This coming Monday, March 12, the Trump administration is expected to produce a “report on the legal and policy frameworks for the United States’ use of military force and related national security operations[,]” the first such report issued under a brand new reporting requirement introduced through Section 1264 of last year’s National Defense Authorization Act. The reporting requirement could turn out to be the one of the most important steps toward increasing transparency in U.S. national security policy in decades. Whether the provision fulfills this potential, however, depends in substantial part on how the Trump administration chooses to interpret and comply with it.
The idea for this framework report did not originate with the 2018 NDAA but with the Obama administration, which put forward just such a report in its last two months in office.
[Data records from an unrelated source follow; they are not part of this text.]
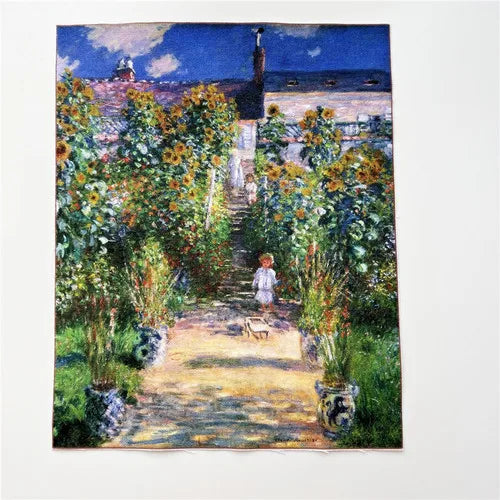 toile d'art impressionniste multicolore peinture l'huile décoration murale coton résistance abrasion 20x25cm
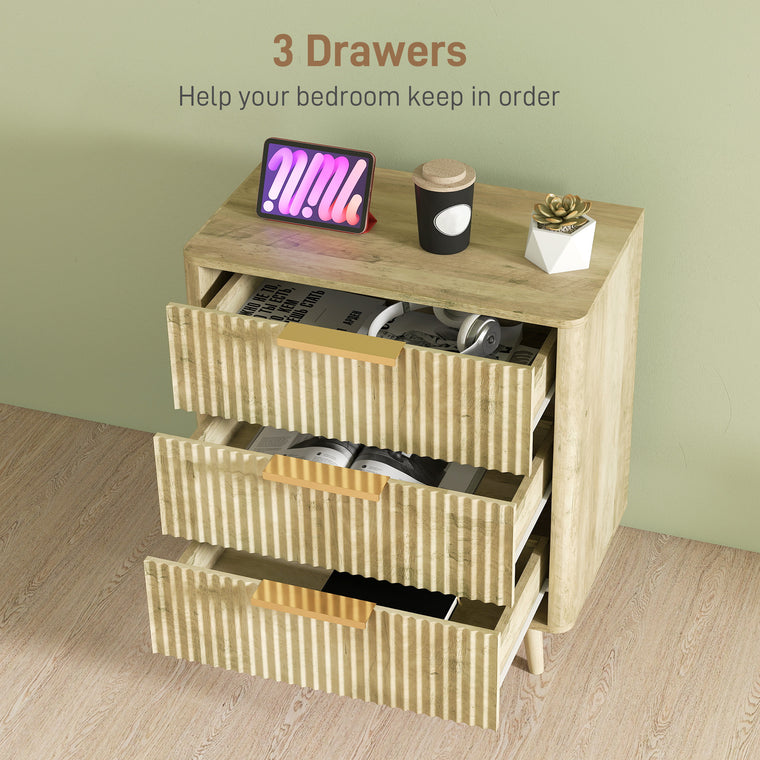 Fluted 3-Drawer Dresser with Pine Legs - Oak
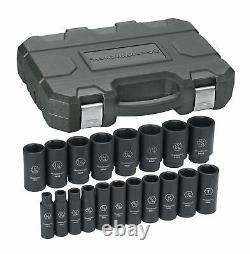 Gearwrench 84934N 19 Piece 1/2 Drive 6 Point Sae Deep Impact Socket Set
For the first time, that December 2016 report gathered in one place a detailed description of why the executive branch believed various U.S. national security policies—ranging from detention to targeted killings—were consistent with both domestic and international law. It also described certain voluntary policy measures that the Obama administration had adopted to ensure compliance with these legal regimes and further related humanitarian objectives. Many observers welcomed the report as the culmination of the Obama administration’s efforts to provide public legal justifications for its national security-related activities, something that it pursued through speeches and statements throughout its eight years in office. Yet, while President Obama nodded toward institutionalizing the report by directing agency personnel to update it annually moving forward, there was little he or anyone else in his administration could do to force the Trump administration to follow their example if it did not wish to do so.
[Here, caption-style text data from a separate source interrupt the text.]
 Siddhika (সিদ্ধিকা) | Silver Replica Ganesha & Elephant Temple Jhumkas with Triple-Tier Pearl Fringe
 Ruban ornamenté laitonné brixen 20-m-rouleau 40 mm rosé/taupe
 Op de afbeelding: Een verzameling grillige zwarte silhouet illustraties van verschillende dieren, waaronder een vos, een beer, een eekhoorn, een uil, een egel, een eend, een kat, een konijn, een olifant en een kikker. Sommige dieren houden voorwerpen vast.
But the same is not true for Congress. Whatever differences its members may have had with the Obama administration, the Republican-controlled 115th Congress appears to have agreed that the framework report was a good idea. Through Section 1264 of the NDAA, Congress made the framework report mandatory, requiring President Trump to submit his own report within 90 days of the NDAA’s enactment detailing “the legal, factual, and policy justifications for any changes made to such legal and policy frameworks” since the start of his administration. What’s more, Section 1264 further obligates the president to notify Congress of any future changes to these legal and policy frameworks within 30 days. In this sense, Congress not only institutionalized the Obama administration’s framework report but adapted it into a potentially strong tool for congressional oversight—one that would provide a near real-time account of what the executive branch sees as the legal basis for U.S. national security policies.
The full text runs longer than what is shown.